Something about long skybridges irks me. They cut off natural paths of traffic from each other, they're kinda ugly, and IMO they absolutely kill the street engagement of any area. Look at city creek. It should have an incredibly high amount of pedestrian traffic but instead of aligning the mall with the end of the trax stop they just put a bridge over the top of it and sucked main street dry of any attitude except for H&M, West Elm, and cotopaxi.
Skybridges are a very Las Vegas-esque solution to something that doesn't need to be solved. Make the sidewalks wide, line them with trees and shops, and let them walk to the convention center. You should not be able to spend the entire day inside of a convention center and hotel. People certainly have the right to be isolated from the climate for the vast majority of the time, but we live in one of the most naturally beautiful cities in the U.S. We don't live in minneapolis, our eyes aren't going to freeze shut. The most ideal solution is to strangle the cars of the vast spaces of land they eat up and accommodate high volume pedestrian movements through 100S / West Temple.
I think this goes to show how much I hate developments that keep pedestrians inside and locked up in general. Japantown is dead. That entire area is hot, grey, and dirty. The salt palace killed that area of town. And now we have an street that is uninterrupted for 1300 feet. That's unheard of in any city in the US to have a block interrupted for such a long length due simply to a building.
I spent some time in Queen Anne, Seattle these last couple of weeks and I know that seattle is an icon of dense, right-sized urban development but it still strikes me how developers are choosing to design their megaprojects. There are so many glaring differences that seem subtle but add up to big issues. They're undervegetating properties and when they are, they're using trees that stay dead for most of the year despite the large amount of evergreen trees endemic to SLC. They're constructing wide, uninterrupted swaths of... building. It doesn't even matter, but so many recent developments have gone up that are dry of personality. They look soviet. Even the choices of materials are bad.

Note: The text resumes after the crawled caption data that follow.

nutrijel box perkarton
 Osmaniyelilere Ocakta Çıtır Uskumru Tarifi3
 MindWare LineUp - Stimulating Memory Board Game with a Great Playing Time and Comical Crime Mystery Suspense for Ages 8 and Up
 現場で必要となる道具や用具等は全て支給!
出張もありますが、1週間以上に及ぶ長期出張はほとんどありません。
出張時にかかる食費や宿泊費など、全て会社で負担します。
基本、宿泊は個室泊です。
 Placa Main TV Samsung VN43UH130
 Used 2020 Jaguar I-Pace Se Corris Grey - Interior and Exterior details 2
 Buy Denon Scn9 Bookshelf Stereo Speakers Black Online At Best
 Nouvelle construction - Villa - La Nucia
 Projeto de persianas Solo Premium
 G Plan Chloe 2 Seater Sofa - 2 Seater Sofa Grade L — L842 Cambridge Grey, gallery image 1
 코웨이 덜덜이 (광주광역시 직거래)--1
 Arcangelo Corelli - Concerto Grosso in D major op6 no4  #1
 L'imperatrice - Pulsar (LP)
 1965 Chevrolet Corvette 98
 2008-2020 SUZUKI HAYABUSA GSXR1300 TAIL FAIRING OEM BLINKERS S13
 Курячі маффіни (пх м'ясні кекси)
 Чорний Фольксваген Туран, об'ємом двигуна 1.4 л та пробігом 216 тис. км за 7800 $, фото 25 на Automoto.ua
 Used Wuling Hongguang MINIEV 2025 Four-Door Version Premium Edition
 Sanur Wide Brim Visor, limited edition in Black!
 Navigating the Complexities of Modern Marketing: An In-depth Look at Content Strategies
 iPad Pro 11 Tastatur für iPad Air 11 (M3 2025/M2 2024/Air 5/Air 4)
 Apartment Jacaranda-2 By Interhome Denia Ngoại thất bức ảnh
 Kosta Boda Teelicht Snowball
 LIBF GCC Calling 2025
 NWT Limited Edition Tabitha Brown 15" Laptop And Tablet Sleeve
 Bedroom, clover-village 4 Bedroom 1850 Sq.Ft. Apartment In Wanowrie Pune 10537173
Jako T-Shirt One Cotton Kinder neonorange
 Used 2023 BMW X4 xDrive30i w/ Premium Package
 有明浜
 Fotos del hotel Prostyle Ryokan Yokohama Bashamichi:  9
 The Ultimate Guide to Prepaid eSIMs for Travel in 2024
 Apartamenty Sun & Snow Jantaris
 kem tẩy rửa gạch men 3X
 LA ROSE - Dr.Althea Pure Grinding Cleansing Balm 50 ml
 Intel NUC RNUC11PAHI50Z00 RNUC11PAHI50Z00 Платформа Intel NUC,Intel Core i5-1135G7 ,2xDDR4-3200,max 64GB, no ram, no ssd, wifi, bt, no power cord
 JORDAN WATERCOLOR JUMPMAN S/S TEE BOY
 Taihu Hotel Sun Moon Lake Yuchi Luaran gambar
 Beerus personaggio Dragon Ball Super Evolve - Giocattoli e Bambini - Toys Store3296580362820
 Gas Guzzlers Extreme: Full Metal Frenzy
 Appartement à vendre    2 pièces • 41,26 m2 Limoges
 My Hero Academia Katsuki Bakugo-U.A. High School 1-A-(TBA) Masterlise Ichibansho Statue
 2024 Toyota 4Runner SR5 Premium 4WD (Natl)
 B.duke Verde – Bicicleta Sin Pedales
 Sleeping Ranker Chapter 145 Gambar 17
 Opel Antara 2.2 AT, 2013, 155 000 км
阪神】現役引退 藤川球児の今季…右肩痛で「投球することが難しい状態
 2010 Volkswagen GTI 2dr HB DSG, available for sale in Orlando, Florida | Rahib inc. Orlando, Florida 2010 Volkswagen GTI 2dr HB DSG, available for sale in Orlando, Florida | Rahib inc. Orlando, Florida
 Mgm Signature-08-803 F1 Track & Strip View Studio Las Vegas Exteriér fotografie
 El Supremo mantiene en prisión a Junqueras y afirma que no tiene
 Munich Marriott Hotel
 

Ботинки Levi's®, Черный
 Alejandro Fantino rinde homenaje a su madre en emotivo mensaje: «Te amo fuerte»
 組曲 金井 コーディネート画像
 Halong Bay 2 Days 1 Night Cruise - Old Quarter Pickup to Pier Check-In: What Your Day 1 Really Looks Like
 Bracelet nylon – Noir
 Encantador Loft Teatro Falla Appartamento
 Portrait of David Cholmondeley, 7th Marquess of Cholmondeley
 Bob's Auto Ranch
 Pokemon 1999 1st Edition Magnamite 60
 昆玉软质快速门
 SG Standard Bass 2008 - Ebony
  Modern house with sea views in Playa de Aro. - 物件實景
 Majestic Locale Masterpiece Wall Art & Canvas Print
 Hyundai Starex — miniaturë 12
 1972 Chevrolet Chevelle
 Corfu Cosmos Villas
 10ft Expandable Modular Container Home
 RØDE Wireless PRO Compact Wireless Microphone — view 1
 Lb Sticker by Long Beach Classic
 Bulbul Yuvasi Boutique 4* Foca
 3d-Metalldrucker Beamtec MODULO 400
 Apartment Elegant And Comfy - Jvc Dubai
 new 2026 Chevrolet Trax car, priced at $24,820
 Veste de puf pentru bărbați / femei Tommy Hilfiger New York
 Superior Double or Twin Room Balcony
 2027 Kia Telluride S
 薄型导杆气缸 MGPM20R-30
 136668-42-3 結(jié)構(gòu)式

Those windows that you see on every single apartment building in SLC, surrounded with stucco? Those are cheap windows and yes, people notice that they're ugly.
The salt palace is no different. Its isolated, its dry, its
hideous, and it contributes so much to the urban blight in and around W. Temple and 200 W that its almost depressing.
I guess I'm getting off topic, but I really, really, really hate the Salt Palace. Its way too flat and it cuts off each side of 100S to the point that the 130 foot wide western portion of 100S has essentially become a "dead" street. That's depressing. Japantown got knocked down for the salt palace.
If I had it my way, I would knock down the salt palace and put it on the 300W/S Temple empty parking lot. Stretch it vertically, and leave midblock pathways. And I would redevelop the entire area, but I wouldn't hand it off to one single developer like the Cowboy brothers or whatever the hell they're called. I want to see stuff
like this in downtown SLC. Its not tall, its not boisterous, but its connected to the cityscape, its beautiful, and its at a human scale. I don't understand why we don't see stuff like this in SLC. The economics are here. I just don't think that SLC's planning commissions and local laws are strong enough at stipulating that projects are aesthetically pleasing, VEGETATED (why is this so much of a fucking issue? why are our streets barren of trees? please plant some FUCKING TREES), and human-scaled.
I am writhing at Joseph Smith right now. Fuck your oxcarts.